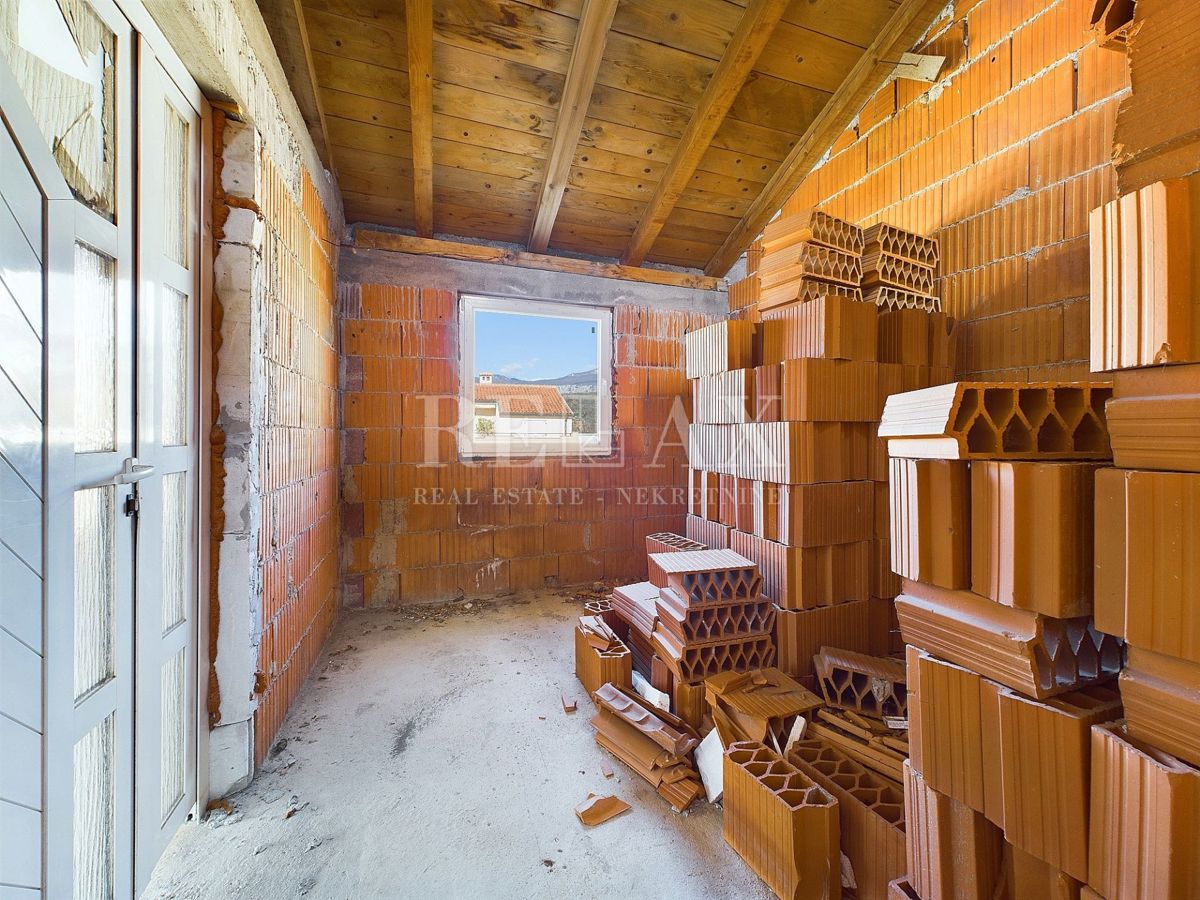 Crikvenica - spaziosa casa indipendente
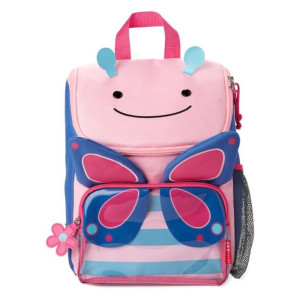 SKIP HOP ZOO Big Kid Backpack - Butterfly Παιδική Τσάντα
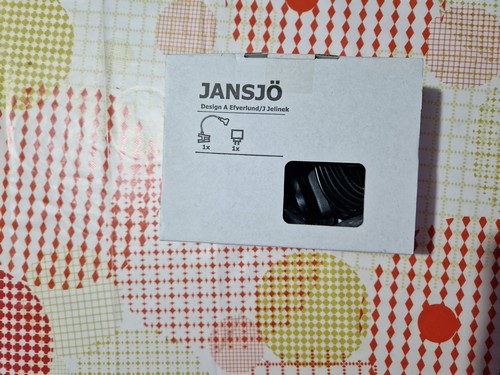 Lampada a gancio Ikea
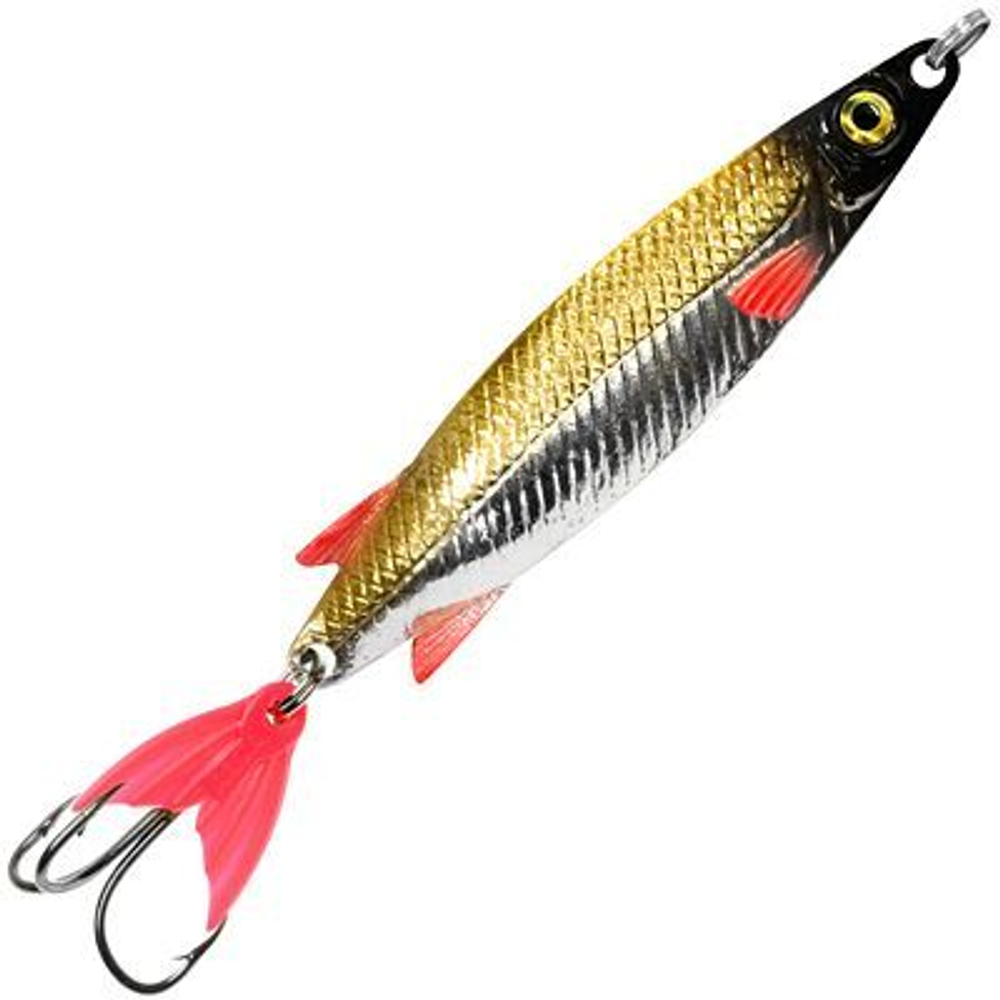 Блесна колебалка ТОБИК 80,0mm, 24,0g 03 , 1 шт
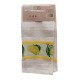STROFINACCI 2 PEZZI 50X70CM COTONE SUMMER LIMONI EASY HOME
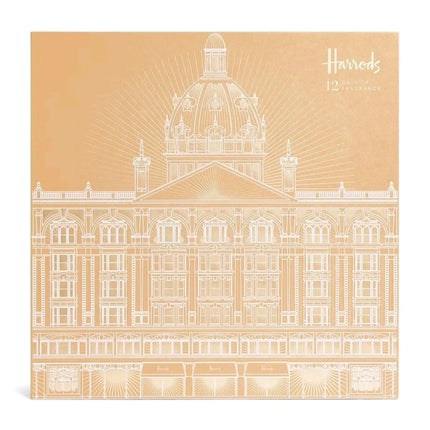 Harrods 12 Days Of Fragrance Advent Calendar 2026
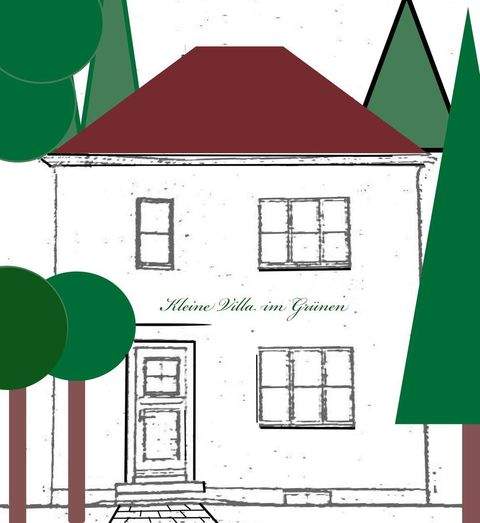 Berlin Häuser, Berlin Haus kaufen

● TASK BRIEF:
Leave out the pictures and repeat the remaining data exactly.

● ANSWER FOR THIS EXERCISE:
 Crikvenica - spaziosa casa indipendente
 SKIP HOP ZOO Big Kid Backpack - Butterfly Παιδική Τσάντα
 Lampada a gancio Ikea
 Блесна колебалка ТОБИК 80,0mm, 24,0g 03 , 1 шт
STROFINACCI 2 PEZZI 50X70CM COTONE SUMMER LIMONI EASY HOME
 Harrods 12 Days Of Fragrance Advent Calendar 2026
 Berlin Häuser, Berlin Haus kaufen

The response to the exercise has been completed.